By DUSTIN NILES
Layout & Design Editor
After a 5-37 record last year and a host of o -the- eld issues, FDU decided it was time for a change at head coach for the softball team. Enter Chris Foye, an assistant coach for NYU last season, and formerly head coach at Felician.
“I’m somewhat local, I live in Verona,” Foye said. “So it’s kind of like a D-I job in my backyard…I’m familiar with the area so softball- wise and from a recruiting standpoint…I have a lot of connections that I thought if this was a job I could get, I could keep more girls local.”
FDU’s strengths were attractive to Foye, and he knew they would be helpful to him in recruiting players in the future.
“It’s a big university, liberal arts, so with the different majors offered, there’s different majors for the recruits, which is good, because sometimes they’re all over the map,” Foye said. “Sometimes specific universities don’t have specific majors, where here it seems like they have a little bit of everything which is good from a recruiting standpoint.”

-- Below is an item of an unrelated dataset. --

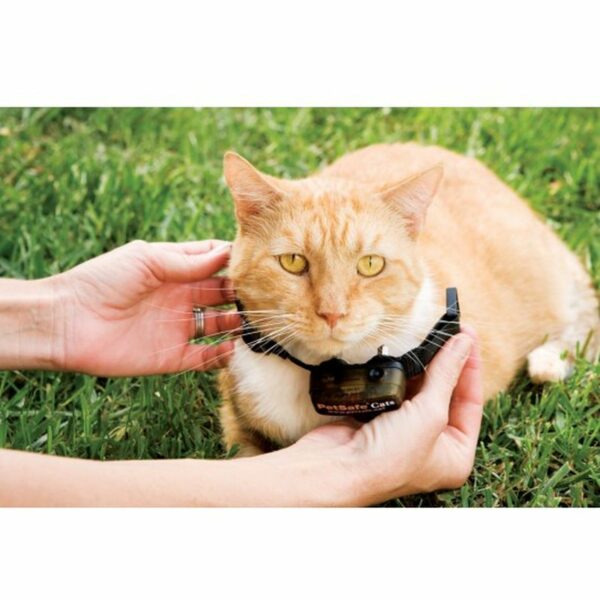Petsafe Deluxe In-Ground Cat Fence Containment System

Foye is focused on recruiting.
“I think with us it’s probably more about like trying to build the program, just because we’re somewhat short on numbers, you know, but doing a great job with what we have here now, and then using those players to kind of build towards the future,” Foye said. “So kind of like next year, you know, building up the roster a little bit. And this will be a good year for them more probably to learn more than anything, learn our style, what we’re looking to do, so that way when we have freshmen come in next year and in the future, they can kind of like take them under their wing and teach them.”
Foye is looking to build a well-rounded team over the next couple of years, not trying to create a team that does just one thing well.

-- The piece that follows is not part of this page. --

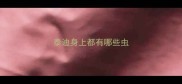 泰迪身上都有哪些虫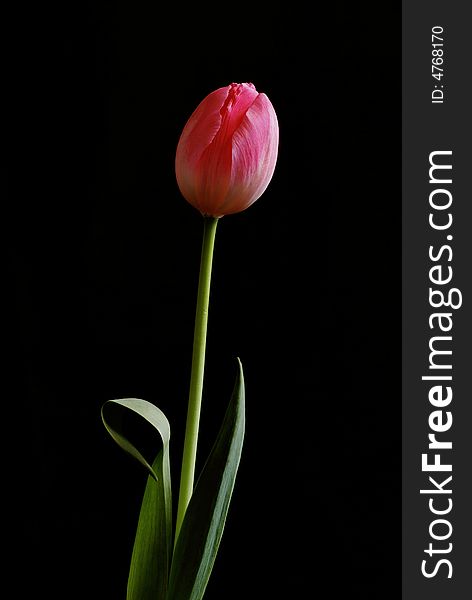 Pink Tulip On Black Background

“From a recruiting standpoint, we look more for athletes than anything,” Foye said. “Pitchers and catchers, to us, are more specialty positions, but then after that we’re kind of looking for the typical all-around athlete.
“You know, like good shape, good speed, good arm, good defense, good offense, so kind of like a little but of everything, I would say. Just a good athlete in general,” he said.

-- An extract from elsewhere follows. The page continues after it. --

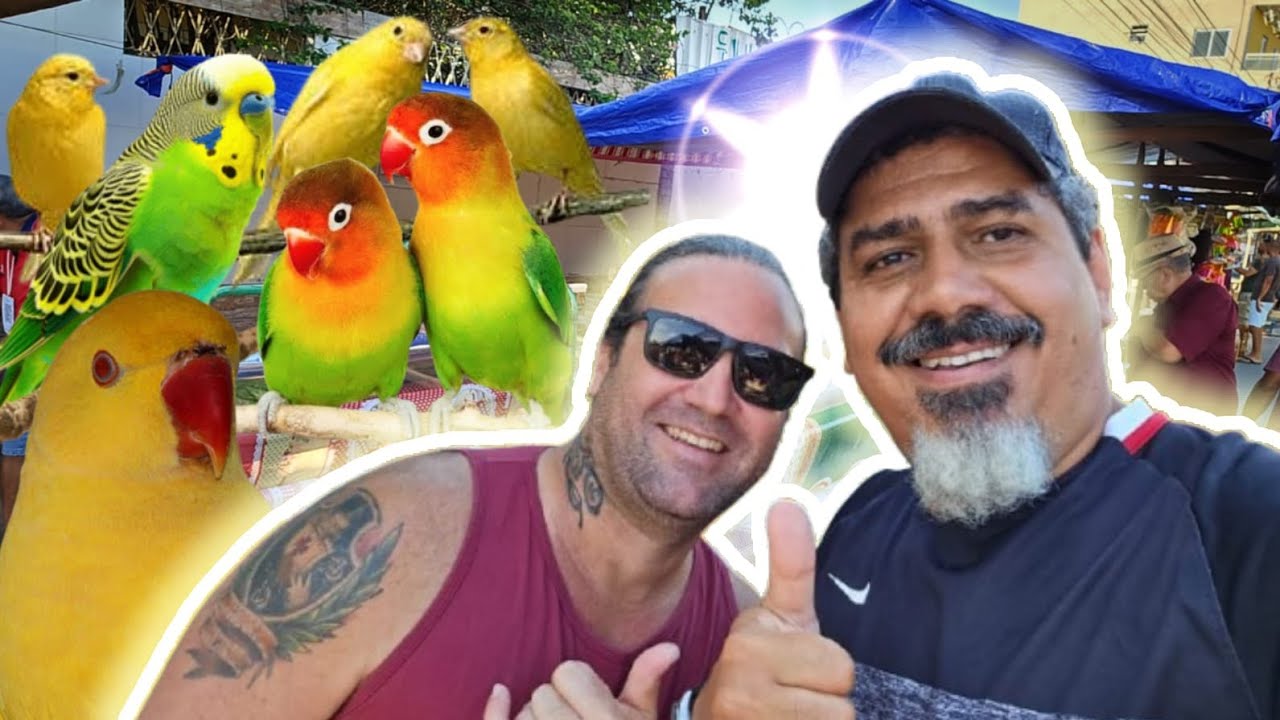 Feira de Caxias. Lugar de passarinheiro.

Even though the softball team is looking to improve through recruiting in the future, that doesn’t mean that the priority isn’t to win now. Foye said that even though he’s looking to grow and improve the team, the goal to win never goes away.
Foye is also looking to impart skills on his players that extend outside the softball diamond.
“To us, the most important thing is academics first,” Foye said. “In softball, like a majority of other sports, you have to be the top one percent of the best players in the country for professional leagues or like the Olympics…so for us, we look at how softball is going to help them get a job in the future.
“You know, a lot of companies now are hiring athletes because they can deal with time management and they have leadership skills and things like that,” he said.
“It’s not about sport,” Foye said, “it’s about important things that they’re going to use in their life in general.”